Sun Li, Peng Yuanzhen, Sharrow Allison C, Iqbal Jameel, Zhang Zhiyuan, Papachristou Dionysios J, Zaidi Samir, Zhu Ling-Ling, Yaroslavskiy Beatrice B, Zhou Hang, Zallone Alberta, Sairam M Ram, Kumar T Rajendra, Bo Wei, Braun Jonathan, Cardoso-Landa Luis, Schaffler Mitchell B, Moonga Baljit S, Blair Harry C, Zaidi Mone
Mount Sinai Bone Program, Department of Medicine and Department of Orthopedics, Mount Sinai School of Medicine, New York, NY 10029, USA.
Cell. 2006 Apr 21;125(2):247-60. doi: 10.1016/j.cell.2006.01.051.

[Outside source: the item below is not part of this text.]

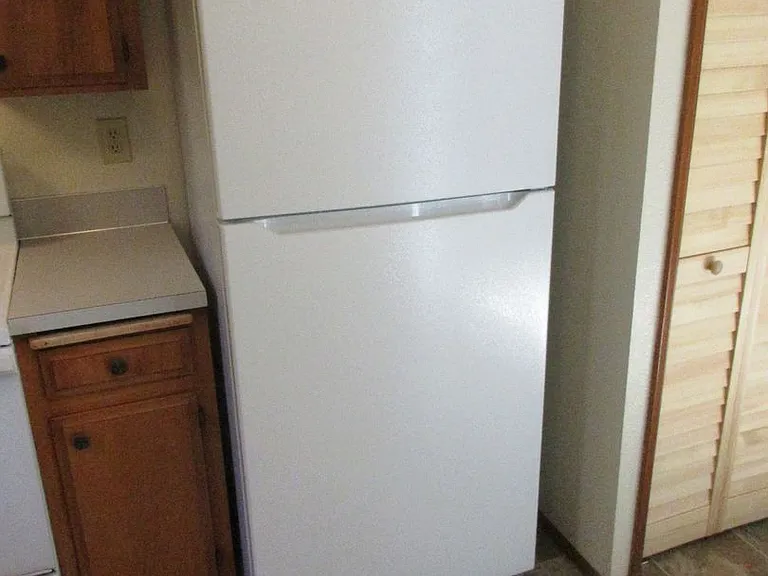 Large 2 bedroom w/ New carpet! — Photo 7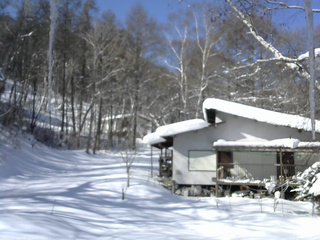 長野県菅平高原 ゆたか山荘 西側(坂上) 2026/02/09 10:30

Postmenopausal osteoporosis, a global public health problem, has for decades been attributed solely to declining estrogen levels. Although FSH levels rise sharply in parallel, a direct effect of FSH on the skeleton has never been explored. We show that FSH is required for hypogonadal bone loss. Neither FSHbeta nor FSH receptor (FSHR) null mice have bone loss despite severe hypogonadism. Bone mass is increased and osteoclastic resorption is decreased in haploinsufficient FSHbeta+/- mice with normal ovarian function, suggesting that the skeletal action of FSH is estrogen independent. Osteoclasts and their precursors possess G(i2alpha)-coupled FSHRs that activate MEK/Erk, NF-kappaB, and Akt to result in enhanced osteoclast formation and function. We suggest that high circulating FSH causes hypogonadal bone loss.

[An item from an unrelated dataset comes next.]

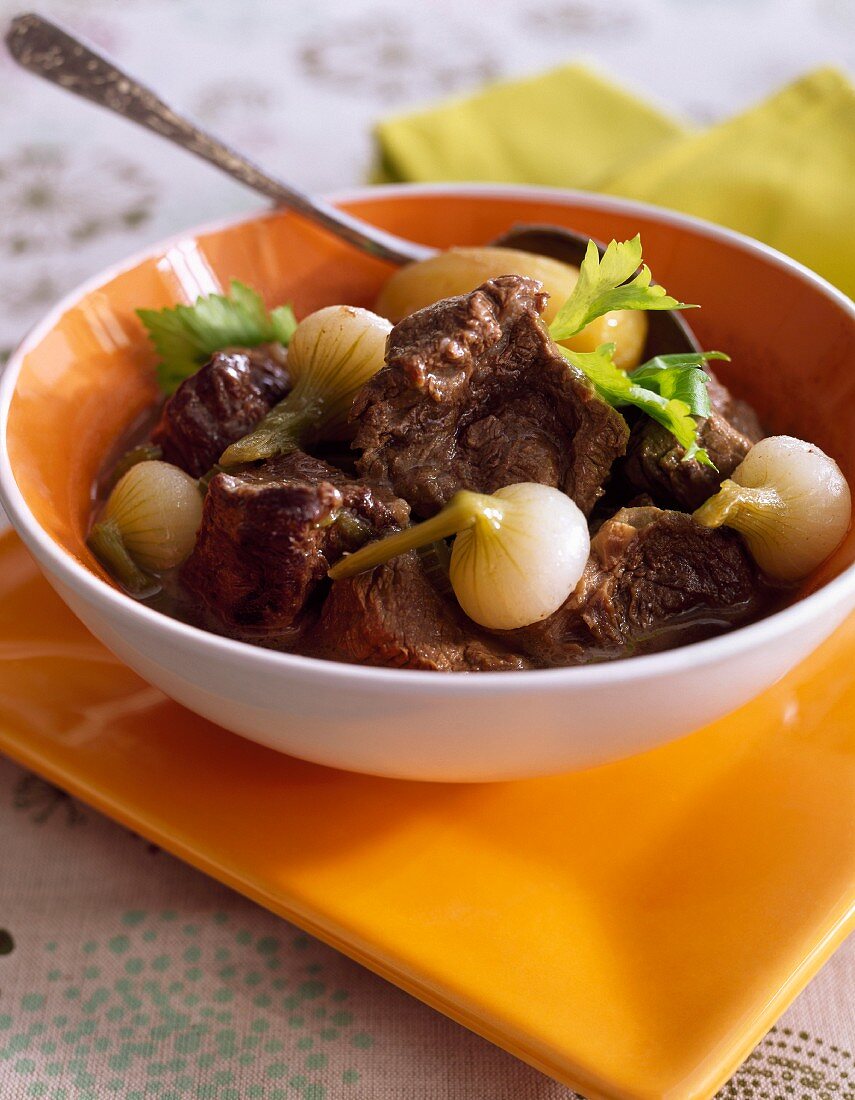 Braised beef with spring onions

绝经后骨质疏松症是一个全球性的公共卫生问题,几十年来一直被认为完全是由雌激素水平下降所致。尽管促卵泡激素(FSH)水平同时急剧上升,但FSH对骨骼的直接作用从未被探究过。我们发现,性腺功能减退导致的骨质流失需要FSH。尽管存在严重的性腺功能减退,但促卵泡激素β(FSHβ)基因敲除小鼠和促卵泡激素受体(FSHR)基因敲除小鼠均未出现骨质流失。在卵巢功能正常的FSHβ基因单倍不足(FSHβ+/-)小鼠中,骨量增加,破骨细胞吸收减少,这表明FSH对骨骼的作用不依赖于雌激素。破骨细胞及其前体细胞拥有与G(i2α)偶联的FSHR,可激活丝裂原活化蛋白激酶/细胞外信号调节激酶(MEK/Erk)、核因子κB(NF-κB)和蛋白激酶B(Akt),从而增强破骨细胞的形成和功能。我们认为,循环中FSH水平升高会导致性腺功能减退性骨质流失。